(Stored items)
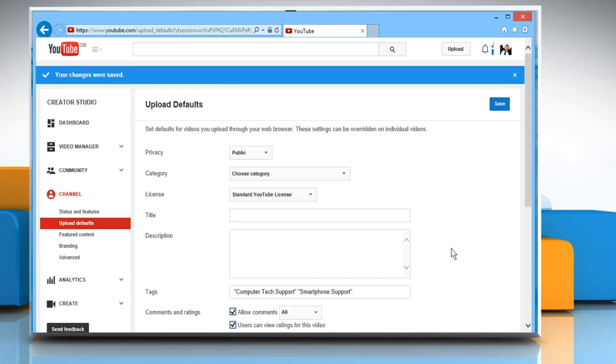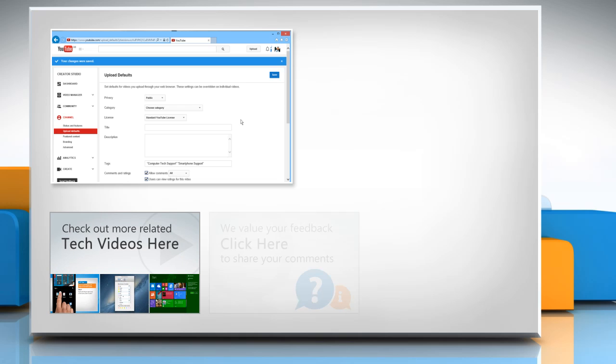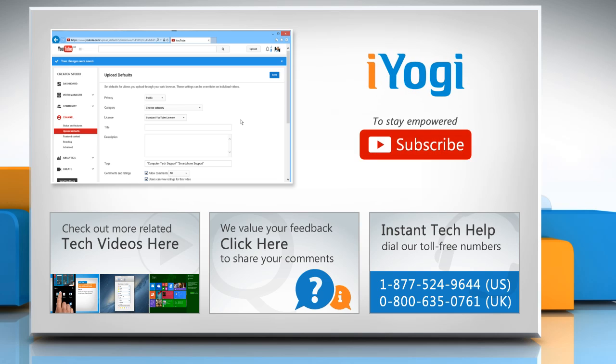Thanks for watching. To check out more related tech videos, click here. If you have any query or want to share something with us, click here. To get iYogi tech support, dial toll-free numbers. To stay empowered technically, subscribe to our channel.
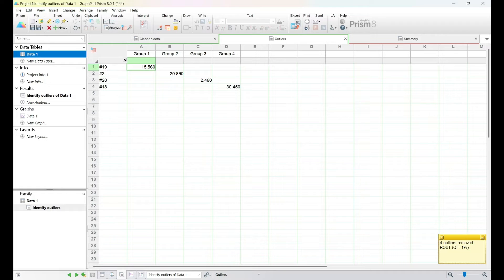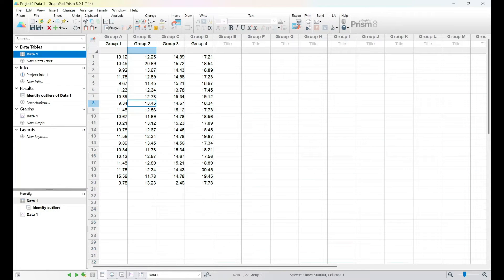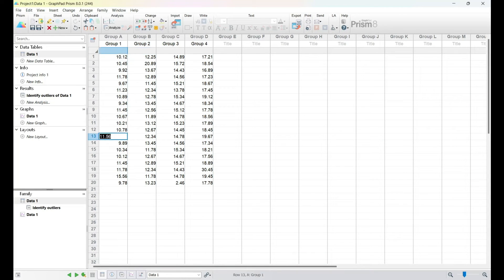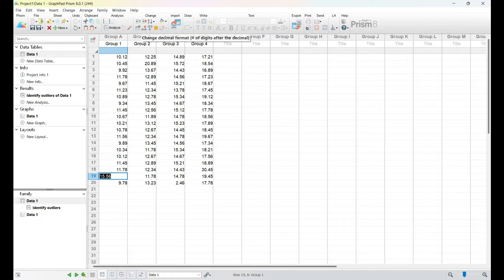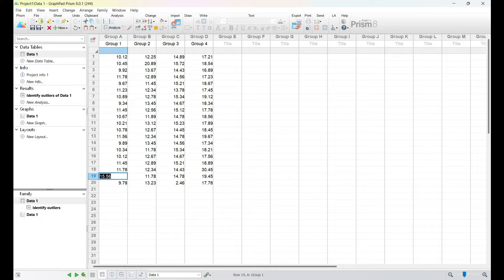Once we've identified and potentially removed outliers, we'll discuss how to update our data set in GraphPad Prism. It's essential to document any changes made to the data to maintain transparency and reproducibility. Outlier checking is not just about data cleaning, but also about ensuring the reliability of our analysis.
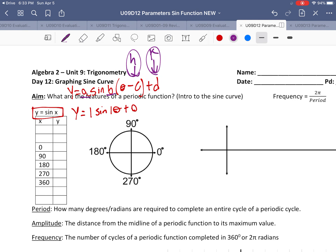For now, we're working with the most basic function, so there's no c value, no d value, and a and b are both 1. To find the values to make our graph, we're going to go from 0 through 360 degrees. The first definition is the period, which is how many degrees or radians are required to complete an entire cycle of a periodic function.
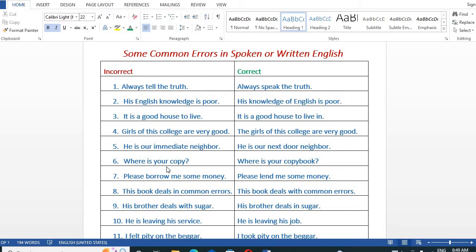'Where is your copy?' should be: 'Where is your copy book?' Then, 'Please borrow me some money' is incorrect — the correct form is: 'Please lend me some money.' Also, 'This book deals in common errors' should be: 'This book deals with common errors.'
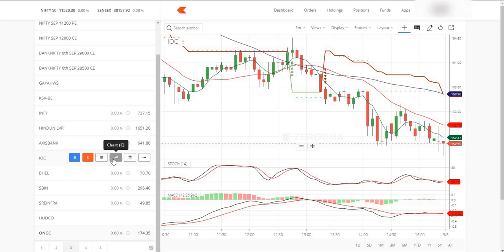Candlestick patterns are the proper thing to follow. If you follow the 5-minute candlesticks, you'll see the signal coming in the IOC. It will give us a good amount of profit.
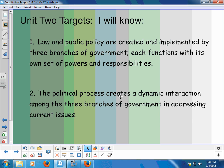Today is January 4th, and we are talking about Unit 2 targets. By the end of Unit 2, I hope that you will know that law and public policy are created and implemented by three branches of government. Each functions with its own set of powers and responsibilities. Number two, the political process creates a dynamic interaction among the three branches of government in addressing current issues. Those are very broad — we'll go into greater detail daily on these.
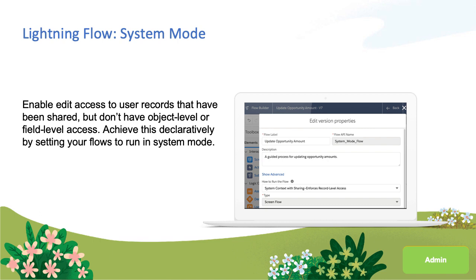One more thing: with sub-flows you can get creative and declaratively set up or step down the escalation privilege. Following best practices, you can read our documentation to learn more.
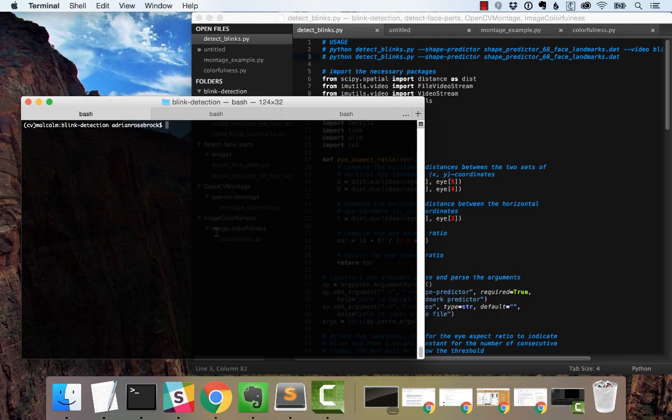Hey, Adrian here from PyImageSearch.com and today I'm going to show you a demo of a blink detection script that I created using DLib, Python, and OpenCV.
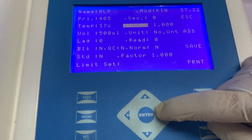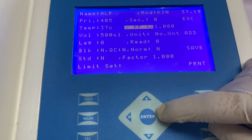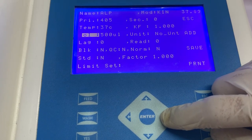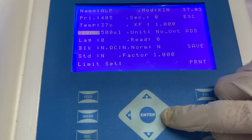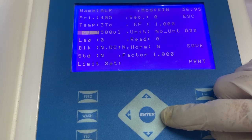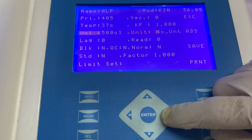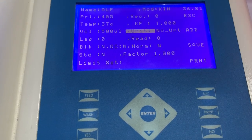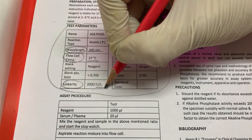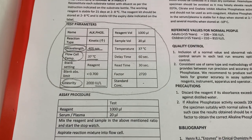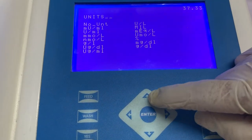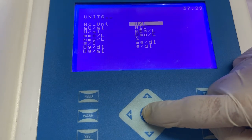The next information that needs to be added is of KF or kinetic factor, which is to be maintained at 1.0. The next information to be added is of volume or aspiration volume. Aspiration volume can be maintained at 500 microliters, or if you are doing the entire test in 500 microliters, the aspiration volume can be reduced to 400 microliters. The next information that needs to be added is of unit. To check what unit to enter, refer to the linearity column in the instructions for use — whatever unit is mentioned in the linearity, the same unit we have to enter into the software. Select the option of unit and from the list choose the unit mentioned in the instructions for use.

--

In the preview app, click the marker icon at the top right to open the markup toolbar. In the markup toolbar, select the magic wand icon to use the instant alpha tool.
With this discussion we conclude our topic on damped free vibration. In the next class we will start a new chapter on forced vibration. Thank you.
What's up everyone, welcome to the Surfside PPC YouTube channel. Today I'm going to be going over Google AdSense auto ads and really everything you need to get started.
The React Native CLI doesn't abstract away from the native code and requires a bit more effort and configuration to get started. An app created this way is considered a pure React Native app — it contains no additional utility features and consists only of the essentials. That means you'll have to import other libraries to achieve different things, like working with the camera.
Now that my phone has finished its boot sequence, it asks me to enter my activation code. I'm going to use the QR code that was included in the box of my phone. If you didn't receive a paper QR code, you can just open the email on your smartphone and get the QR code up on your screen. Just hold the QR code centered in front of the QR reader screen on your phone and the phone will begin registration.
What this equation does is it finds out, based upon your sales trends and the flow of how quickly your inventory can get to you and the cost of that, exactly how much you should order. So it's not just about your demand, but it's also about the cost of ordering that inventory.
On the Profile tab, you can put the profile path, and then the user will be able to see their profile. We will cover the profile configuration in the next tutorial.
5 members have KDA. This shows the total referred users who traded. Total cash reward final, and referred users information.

# Task to carry out
Give again the stretch of the entries above that begins at the line with "Candlestick patterns are" and ends at the line with "The next information that needs to be added is of KF", word for word, with no pictures.

# The completed task
Candlestick patterns are the proper thing to follow. If you follow the 5-minute candlesticks, you'll see the signal coming in the IOC. It will give us a good amount of profit.
Today is January 4th, and we are talking about Unit 2 targets. By the end of Unit 2, I hope that you will know that law and public policy are created and implemented by three branches of government. Each functions with its own set of powers and responsibilities. Number two, the political process creates a dynamic interaction among the three branches of government in addressing current issues. Those are very broad — we'll go into greater detail daily on these.
One more thing: with sub-flows you can get creative and declaratively set up or step down the escalation privilege. Following best practices, you can read our documentation to learn more.
Hey, Adrian here from PyImageSearch.com and today I'm going to show you a demo of a blink detection script that I created using DLib, Python, and OpenCV.
The next information that needs to be added is of KF or kinetic factor, which is to be maintained at 1.0. The next information to be added is of volume or aspiration volume. Aspiration volume can be maintained at 500 microliters, or if you are doing the entire test in 500 microliters, the aspiration volume can be reduced to 400 microliters. The next information that needs to be added is of unit. To check what unit to enter, refer to the linearity column in the instructions for use — whatever unit is mentioned in the linearity, the same unit we have to enter into the software. Select the option of unit and from the list choose the unit mentioned in the instructions for use.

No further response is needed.